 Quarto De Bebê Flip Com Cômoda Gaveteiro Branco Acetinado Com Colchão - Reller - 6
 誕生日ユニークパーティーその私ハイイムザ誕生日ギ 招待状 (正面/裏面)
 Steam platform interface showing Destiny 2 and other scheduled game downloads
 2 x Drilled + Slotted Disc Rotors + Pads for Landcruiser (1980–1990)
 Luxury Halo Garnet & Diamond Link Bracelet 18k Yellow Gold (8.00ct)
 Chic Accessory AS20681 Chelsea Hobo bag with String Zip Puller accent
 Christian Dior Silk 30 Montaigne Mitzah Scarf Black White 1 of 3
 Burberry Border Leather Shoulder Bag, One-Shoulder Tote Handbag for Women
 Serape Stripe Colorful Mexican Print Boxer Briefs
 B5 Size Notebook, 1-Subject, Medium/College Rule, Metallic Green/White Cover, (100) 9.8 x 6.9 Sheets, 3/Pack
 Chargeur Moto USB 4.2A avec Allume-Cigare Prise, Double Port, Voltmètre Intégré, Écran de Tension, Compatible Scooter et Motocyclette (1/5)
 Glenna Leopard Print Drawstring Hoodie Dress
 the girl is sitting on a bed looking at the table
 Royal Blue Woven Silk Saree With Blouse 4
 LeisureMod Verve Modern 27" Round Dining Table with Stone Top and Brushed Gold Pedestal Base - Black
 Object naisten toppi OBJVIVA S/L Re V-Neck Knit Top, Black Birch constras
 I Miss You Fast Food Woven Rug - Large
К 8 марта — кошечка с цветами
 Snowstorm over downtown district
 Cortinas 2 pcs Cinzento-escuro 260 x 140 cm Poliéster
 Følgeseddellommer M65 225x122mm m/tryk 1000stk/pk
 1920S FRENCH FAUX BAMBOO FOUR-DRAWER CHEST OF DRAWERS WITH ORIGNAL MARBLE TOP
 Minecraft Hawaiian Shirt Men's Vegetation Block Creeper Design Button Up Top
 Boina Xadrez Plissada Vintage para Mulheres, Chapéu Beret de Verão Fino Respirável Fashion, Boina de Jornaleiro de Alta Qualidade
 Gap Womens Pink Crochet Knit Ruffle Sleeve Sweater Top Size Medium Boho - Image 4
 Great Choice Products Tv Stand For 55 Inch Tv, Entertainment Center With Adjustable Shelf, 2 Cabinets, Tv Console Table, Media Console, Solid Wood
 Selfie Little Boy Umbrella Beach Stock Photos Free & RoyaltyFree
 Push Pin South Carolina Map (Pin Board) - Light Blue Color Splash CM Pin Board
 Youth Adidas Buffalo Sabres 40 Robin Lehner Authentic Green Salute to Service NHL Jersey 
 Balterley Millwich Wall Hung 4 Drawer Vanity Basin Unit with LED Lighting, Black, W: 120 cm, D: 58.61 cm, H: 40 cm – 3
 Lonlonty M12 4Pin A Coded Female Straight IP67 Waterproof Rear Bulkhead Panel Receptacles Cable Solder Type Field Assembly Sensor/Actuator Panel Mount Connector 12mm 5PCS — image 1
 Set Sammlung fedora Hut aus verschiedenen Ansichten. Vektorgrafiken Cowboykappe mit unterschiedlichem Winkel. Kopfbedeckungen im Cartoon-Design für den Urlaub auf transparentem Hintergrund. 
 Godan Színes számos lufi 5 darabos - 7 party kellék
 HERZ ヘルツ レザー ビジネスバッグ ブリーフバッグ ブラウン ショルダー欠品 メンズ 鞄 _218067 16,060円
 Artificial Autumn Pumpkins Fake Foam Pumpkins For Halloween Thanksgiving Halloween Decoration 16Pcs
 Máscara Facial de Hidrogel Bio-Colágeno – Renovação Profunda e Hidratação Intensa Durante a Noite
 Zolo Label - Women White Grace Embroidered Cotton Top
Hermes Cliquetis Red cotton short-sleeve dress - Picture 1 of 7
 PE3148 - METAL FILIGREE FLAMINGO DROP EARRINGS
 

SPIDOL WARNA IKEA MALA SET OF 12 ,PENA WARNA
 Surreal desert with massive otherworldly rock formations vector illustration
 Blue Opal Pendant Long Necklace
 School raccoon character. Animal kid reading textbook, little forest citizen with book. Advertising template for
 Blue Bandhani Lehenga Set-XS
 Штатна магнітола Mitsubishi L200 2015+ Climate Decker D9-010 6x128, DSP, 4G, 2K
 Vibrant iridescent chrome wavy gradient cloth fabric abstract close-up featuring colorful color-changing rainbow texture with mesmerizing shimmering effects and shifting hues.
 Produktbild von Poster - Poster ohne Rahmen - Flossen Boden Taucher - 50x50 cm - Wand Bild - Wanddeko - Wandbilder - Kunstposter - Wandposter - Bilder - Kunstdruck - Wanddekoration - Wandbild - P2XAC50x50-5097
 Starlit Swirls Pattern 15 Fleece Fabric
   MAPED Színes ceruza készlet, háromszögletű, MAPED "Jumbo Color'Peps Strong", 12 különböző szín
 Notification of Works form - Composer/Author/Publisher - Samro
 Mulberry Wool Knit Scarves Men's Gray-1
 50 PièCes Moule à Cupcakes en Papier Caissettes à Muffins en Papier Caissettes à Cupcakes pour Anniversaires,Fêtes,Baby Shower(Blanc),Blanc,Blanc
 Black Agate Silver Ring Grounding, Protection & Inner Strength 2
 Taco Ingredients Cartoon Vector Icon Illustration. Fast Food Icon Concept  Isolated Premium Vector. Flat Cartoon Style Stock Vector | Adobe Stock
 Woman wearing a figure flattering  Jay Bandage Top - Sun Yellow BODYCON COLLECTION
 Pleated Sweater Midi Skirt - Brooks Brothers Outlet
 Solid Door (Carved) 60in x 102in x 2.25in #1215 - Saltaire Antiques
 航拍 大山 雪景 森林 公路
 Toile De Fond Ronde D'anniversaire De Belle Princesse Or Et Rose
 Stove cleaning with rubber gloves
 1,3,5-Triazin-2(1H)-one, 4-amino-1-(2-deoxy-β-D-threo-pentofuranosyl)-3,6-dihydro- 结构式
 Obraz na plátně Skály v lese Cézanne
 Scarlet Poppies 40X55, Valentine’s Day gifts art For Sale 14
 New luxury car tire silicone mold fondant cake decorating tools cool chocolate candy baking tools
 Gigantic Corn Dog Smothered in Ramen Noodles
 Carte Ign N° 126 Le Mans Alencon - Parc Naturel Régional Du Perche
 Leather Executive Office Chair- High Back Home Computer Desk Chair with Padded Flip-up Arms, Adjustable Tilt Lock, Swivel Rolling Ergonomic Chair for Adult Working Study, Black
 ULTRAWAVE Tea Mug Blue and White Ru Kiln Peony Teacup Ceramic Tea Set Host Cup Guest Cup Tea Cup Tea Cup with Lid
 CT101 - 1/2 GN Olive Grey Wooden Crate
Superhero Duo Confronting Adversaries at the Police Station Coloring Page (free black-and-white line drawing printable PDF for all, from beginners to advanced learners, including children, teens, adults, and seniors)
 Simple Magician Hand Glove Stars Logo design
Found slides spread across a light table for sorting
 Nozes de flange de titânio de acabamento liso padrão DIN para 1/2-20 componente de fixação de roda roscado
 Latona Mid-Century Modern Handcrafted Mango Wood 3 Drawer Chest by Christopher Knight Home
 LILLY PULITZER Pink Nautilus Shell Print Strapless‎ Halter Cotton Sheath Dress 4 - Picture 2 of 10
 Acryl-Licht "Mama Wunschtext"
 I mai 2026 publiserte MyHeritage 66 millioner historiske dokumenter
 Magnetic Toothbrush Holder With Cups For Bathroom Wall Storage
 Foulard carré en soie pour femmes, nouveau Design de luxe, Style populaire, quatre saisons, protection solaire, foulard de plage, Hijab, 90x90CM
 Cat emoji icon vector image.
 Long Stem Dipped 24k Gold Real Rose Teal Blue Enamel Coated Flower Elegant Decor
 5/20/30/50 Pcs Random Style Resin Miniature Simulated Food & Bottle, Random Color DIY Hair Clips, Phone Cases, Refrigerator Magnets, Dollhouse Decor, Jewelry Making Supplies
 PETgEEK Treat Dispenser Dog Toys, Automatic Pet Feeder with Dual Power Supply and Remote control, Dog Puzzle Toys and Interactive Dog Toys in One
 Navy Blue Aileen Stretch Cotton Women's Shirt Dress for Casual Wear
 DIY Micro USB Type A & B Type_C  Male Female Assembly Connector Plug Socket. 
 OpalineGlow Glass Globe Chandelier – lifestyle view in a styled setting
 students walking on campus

::::::::::

> **Instructions to follow**
Print exactly the lines above from the one with "Christian Dior Silk" to the one with "B5 Size Notebook, 1-Subject, Medium/College", including both.

> **Expected answer**
 Christian Dior Silk 30 Montaigne Mitzah Scarf Black White 1 of 3
 Burberry Border Leather Shoulder Bag, One-Shoulder Tote Handbag for Women
 Serape Stripe Colorful Mexican Print Boxer Briefs
 B5 Size Notebook, 1-Subject, Medium/College Rule, Metallic Green/White Cover, (100) 9.8 x 6.9 Sheets, 3/Pack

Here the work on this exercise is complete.